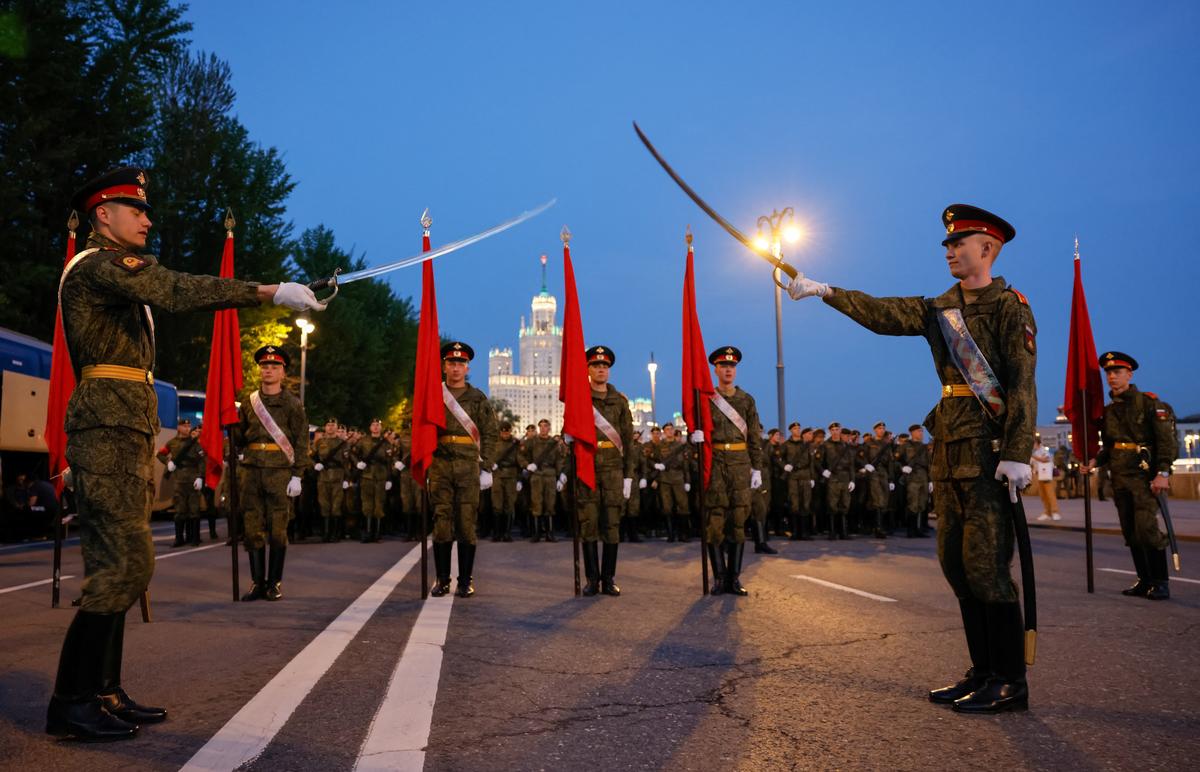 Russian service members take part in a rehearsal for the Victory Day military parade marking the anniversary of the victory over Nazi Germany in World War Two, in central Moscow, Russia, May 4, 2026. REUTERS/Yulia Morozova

--

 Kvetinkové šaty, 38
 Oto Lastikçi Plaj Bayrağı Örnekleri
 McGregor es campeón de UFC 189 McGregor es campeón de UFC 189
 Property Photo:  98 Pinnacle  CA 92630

--

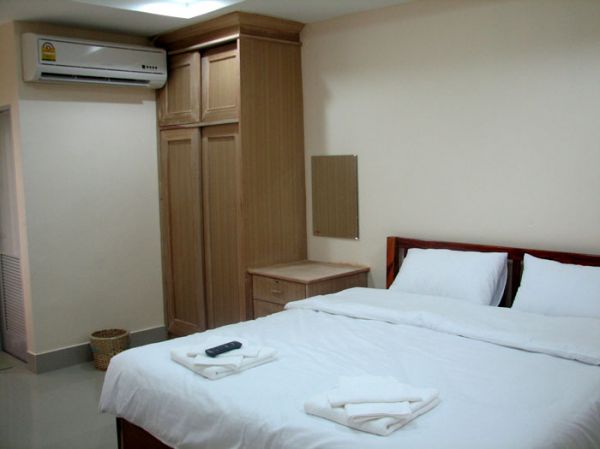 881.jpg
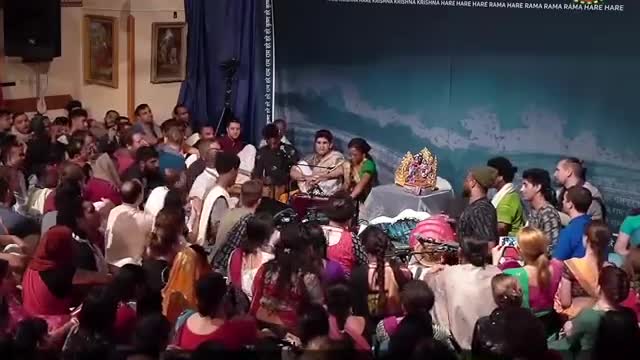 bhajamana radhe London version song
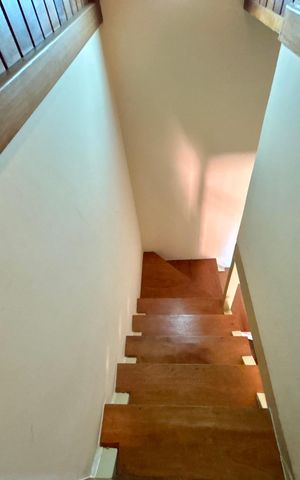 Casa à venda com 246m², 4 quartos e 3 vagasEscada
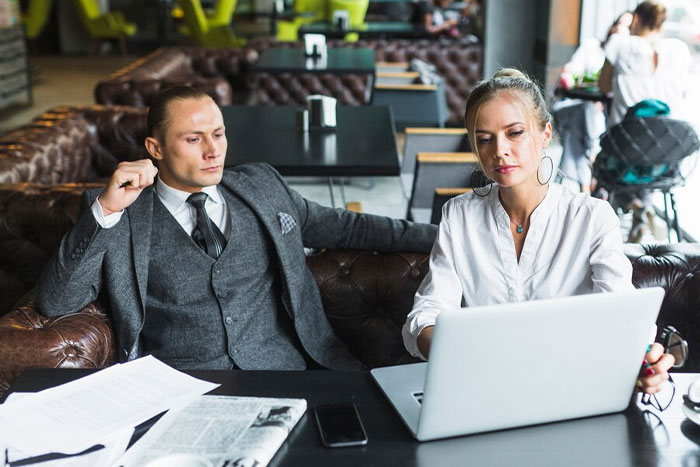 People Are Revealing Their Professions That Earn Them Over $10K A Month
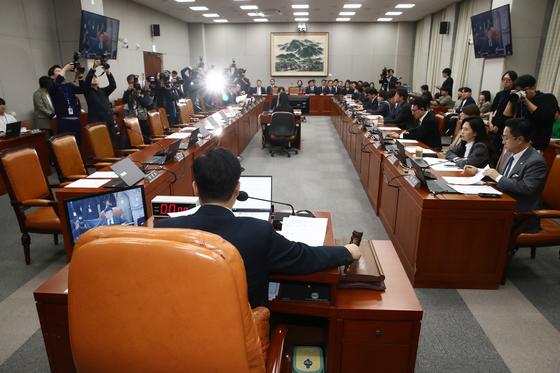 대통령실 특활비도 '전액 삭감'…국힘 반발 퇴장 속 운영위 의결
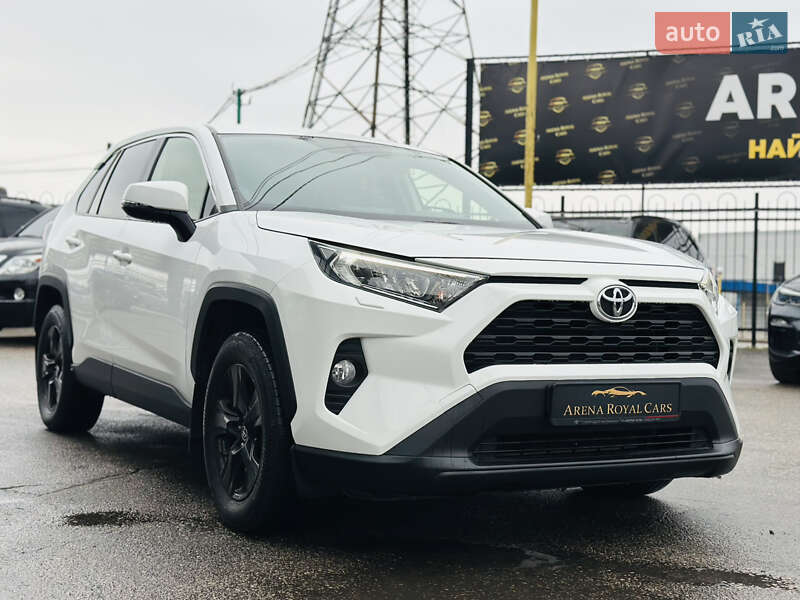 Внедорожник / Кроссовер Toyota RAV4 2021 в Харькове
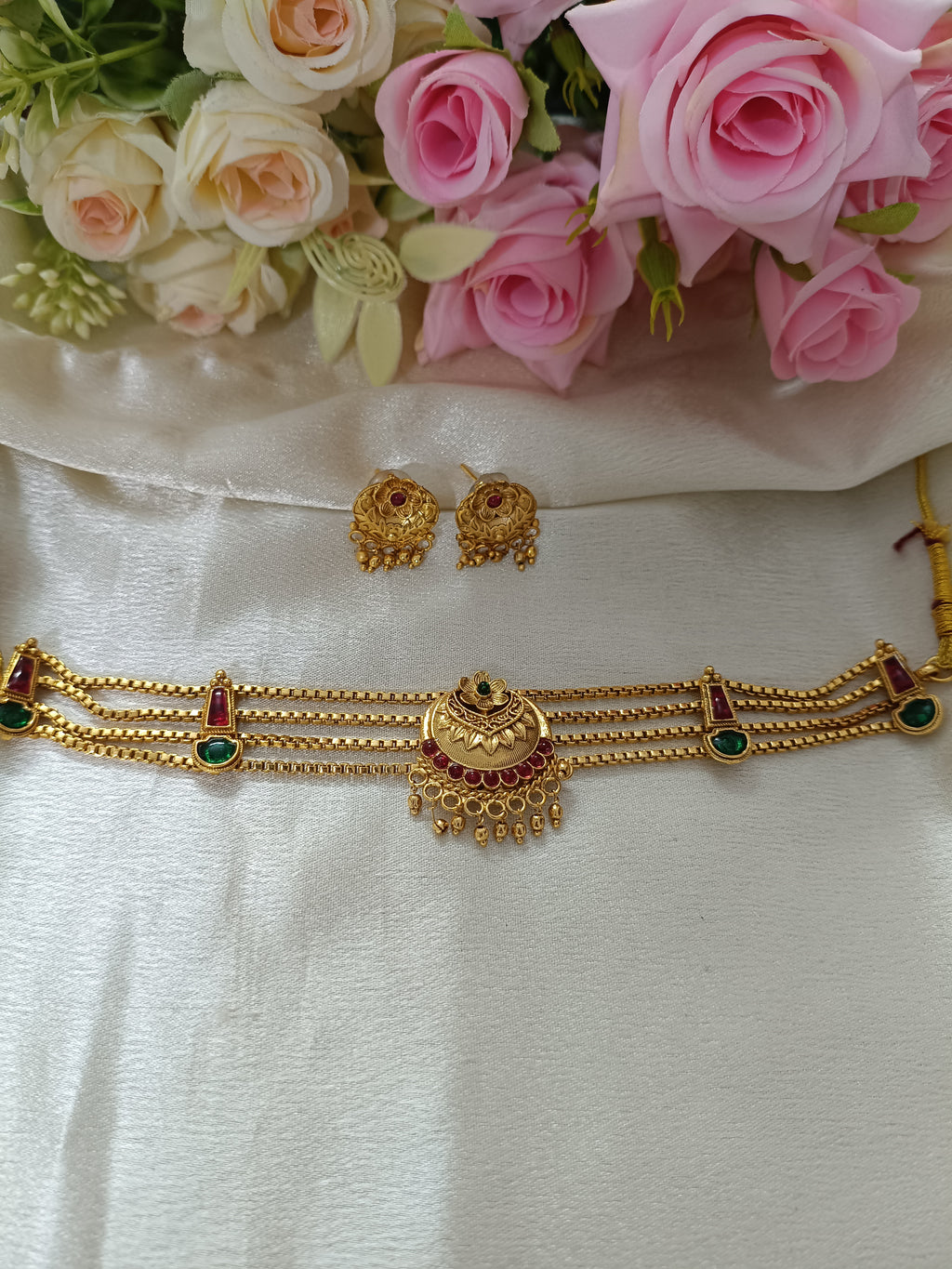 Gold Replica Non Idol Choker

— Your assignment —
Would you restate, exactly and with no pictures, the lines of the entries above from the one containing "Внедорожник / Кроссовер" through the one containing "Gold Replica Non Idol Choker"?

— Output for this task —
 Внедорожник / Кроссовер Toyota RAV4 2021 в Харькове
 Gold Replica Non Idol Choker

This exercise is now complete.